SAN FRANCISCO – A federal judge sentenced former California state senator Leland Yee on Wednesday to five years in prison after he acknowledged accepting thousands of dollars in bribes and discussing helping an undercover FBI agent buy automatic weapons from the Philippines.
Prosecutors had recommended that Senior District Court Judge Charles Breyer impose an eight-year sentence, saying that would reflect the extent of Yee's crimes.
Yee's attorneys had called for no more than five years and three months behind bars, saying Yee had a history of public service and his wife was ill.
"I don't feel I should be lenient," Breyer said during the hearing. "The crimes that you committed have resulted in essentially an attack on democratic institutions."
Yee, 67, is a long-time politician who also served in the state Assembly and on the San Francisco Board of Supervisors.
He pleaded guilty in July to one count of conspiracy to engage in racketeering.
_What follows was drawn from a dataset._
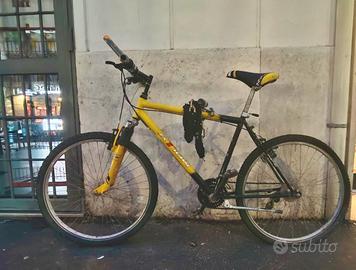 Bicicletta MTB '26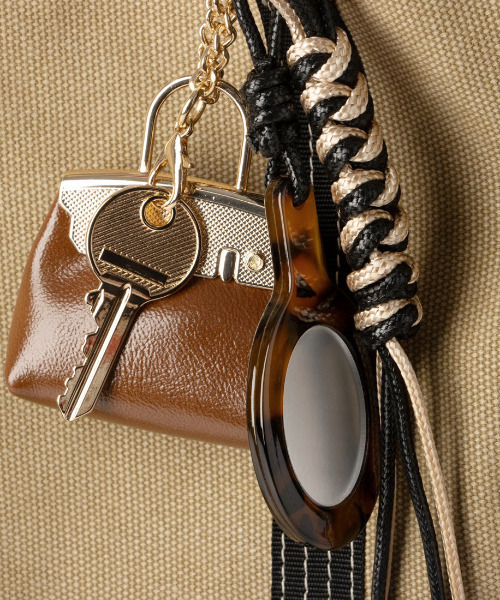 cache cache（カシュ カシュ）の「カシュカシュ cachecache / チャーム付キャンバストート（トートバッグ・レディース・ブラック/ベージュ/ブラウン・FREE）」の19枚目の写真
The charge was filed as part of an organized crime investigation in San Francisco's Chinatown that led to charges against more than two dozen people.
The probe also snared Raymond "Shrimp Boy" Chow, a flamboyant leader of a Chinese fraternal organization -- the Ghee Kung Tong.
Federal agents say one of Chow's associates was Keith Jackson, a former San Francisco school board president and well-known political consultant who raised money for Yee's unsuccessful mayoral run in 2011 and his bid for secretary of state.
Yee was trying to pay off the debt from his mayoral campaign with the money he solicited, prosecutors said.
Jackson led authorities to Yee and pleaded guilty to a racketeering charge. He was also expected to be sentenced Wednesday.
Yee has remained free while awaiting sentencing. He acknowledged accepting $11,000 in exchange for setting up a meeting with another state senator, $10,000 for recommending someone for a grant, and $6,800 for providing a certificate on California State Senate letterhead honoring the Ghee Kung Tong.
He also acknowledged that he discussed helping an undercover FBI agent buy automatic weapons from the Philippines that were intended to be brought to the U.S. for distribution.
Prosecutors say Chow and some other members of the fraternal group engaged in drug trafficking, money laundering and the sale of stolen cigarettes and top-shelf liquors.
The case against Chow was largely the work of an undercover FBI agent who posed for years as a foul-mouthed East Coast businessman with mafia ties.